A sanctuary for banned stories
When truth is being cast as lies, the sacred work of storytelling is urgent.

Womanist ethicist Katie Cannon (Source image courtesy of Union Theological Seminary)
What happens when your truth becomes a lie?
This question, explored by womanist ethicist Katie Cannon, captures the lived experience of Black women whose realities have long been disbelieved, marginalized, or erased. Cannon describes how the academy—shaped by Western patriarchal norms of knowledge—dismissed her story, and the intersecting oppressions of racism and sexism that shape Black women’s experience, as irrelevant to the pursuit of truth. For Cannon and for other womanist scholars, the truth of Black women’s experience is not superfluous to knowledge making—it is fundamental.

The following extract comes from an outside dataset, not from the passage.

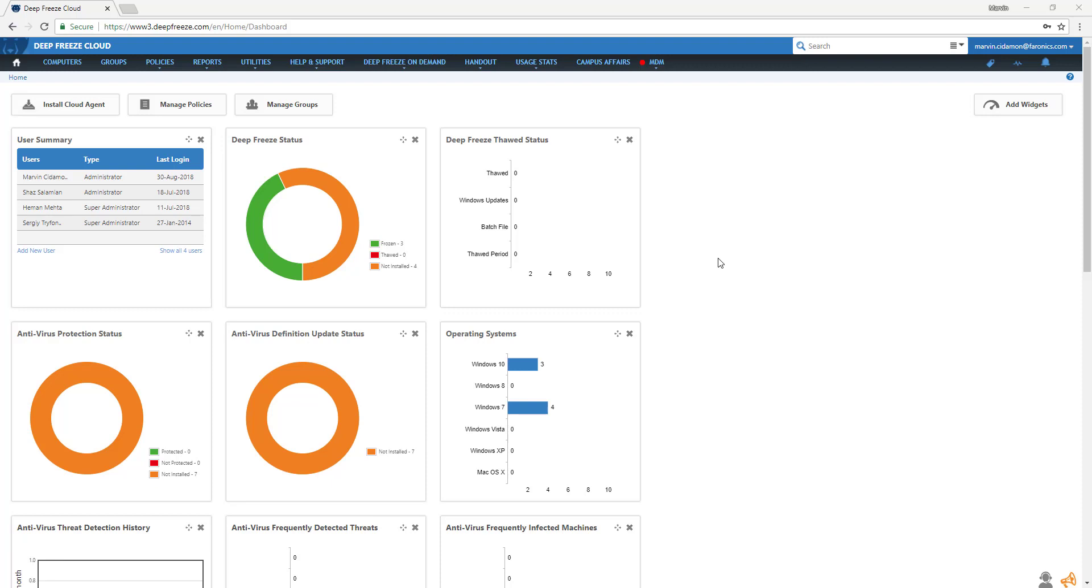Software Updater is part of Deep Freeze Cloud and allows you to install and update over 75 popular products.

Today, as diversity, equity, and inclusion initiatives are summarily dismantled and the stories of those who have struggled for justice and equality are purged from our social, cultural, and educational institutions, there is a dangerous acquiescence to the condition Cannon named. Once again, the truths of Black women—along with others who have resisted the forces of racism, sexism, heterosexism, classism, and other systemic injustices—are being cast as lies. This is not simply an educational or historical issue; it reflects a theological concern and moral crisis.
To erase these stories is to erase the very struggle that has kept US democracy alive. As historian Nikole Hannah-Jones reminds us, “our founding ideals of liberty and equality were false when they were written. Black Americans fought to make them true. Without this struggle, America would have no democracy at all.” Those who have fought for freedom—from abolition to civil rights to women’s equality, economic justice, and LGBTQ rights—have not only sought their own rights and freedoms; they have fought to redeem the American project itself. Eliminating their stories denies the validity of the ongoing struggle to realize democracy, and in so doing, it lies about our past, our present, and our potential future.

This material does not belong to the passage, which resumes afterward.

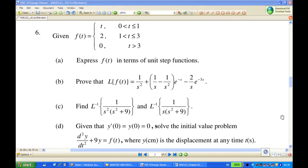Hi, for this recording, I'm going to show you how to find the Laplace transform of a piecewise function. We are given the piecewise function f of t equal to t for t between 0 and 1, equal to 2 for t between 1 and 3, and equal to 0 for t greater than 3.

This purging of history is an anti-democracy project. It is an intentional relinquishment of the democratic vision—a relinquishing not just of the facts of history but of the people who made history through their witness and resistance. It is a lie about who we are and a refusal to even aspire toward becoming a nation of liberty and justice for all.
The stories we tell, or refuse to tell, matter. Eliminating these narratives of struggle guarantees that the next generation will not be better than the present generation in making justice and equality a reality for all; likely it will be worse. Yet the consequences are even more dire than that. Silencing these stories does not just distort history and jeopardize the future possibilities for a democracy—it imperils lives in the present.
When a people’s truth is made a lie, their very lives are rendered expendable. When their stories do not matter, neither do their lives.
We have seen this historically with Black lives, and we see it now in other communities across the globe. To refuse the truth of apartheid is to diminish the humanity of Black South Africans. To deny the truth of the Holocaust is to deny the humanity of Jewish people. To silence the story of the Nakba is to discount the humanity of Palestinian people. To erase these narratives is to make people more vulnerable to racism, antisemitism, anti-immigrant hatred, Islamophobia, and various other forms of violent dehumanization.
The theological imperative is clear. Storytelling is an essential part of the sacred work religious institutions must do.
The exodus narrative reveals that telling God’s story means telling the story of the oppressed as they cry out and struggle for freedom. This is a God who hears the cries of the oppressed and calls us to partner with God in a movement for liberating justice. Such a partnership requires that churches and other institutions of faith become sanctuaries—not only for oppressed, marginalized, and minoritized people, but for their stories. Religious institutions must preserve and tell the stories of those who have struggled for dignity, respect, and freedom. The stories banned from our schools, libraries, academies, and various other social institutions are sacred stories. They must find a home within our religious institutions. We must be keepers of truth in a time of suppression. To do otherwise is to disavow the truth of a people’s sacred story and to endanger their very living.
Keeping these stories alive keeps the people alive. It keeps alive the vision of a democracy. And more than that, it keeps alive God’s vision for a more just future.
In the end, Katie Cannon admonished, “even when they call your truth a lie, tell it anyway! Tell it anyway!” This is our theological and ethical mandate.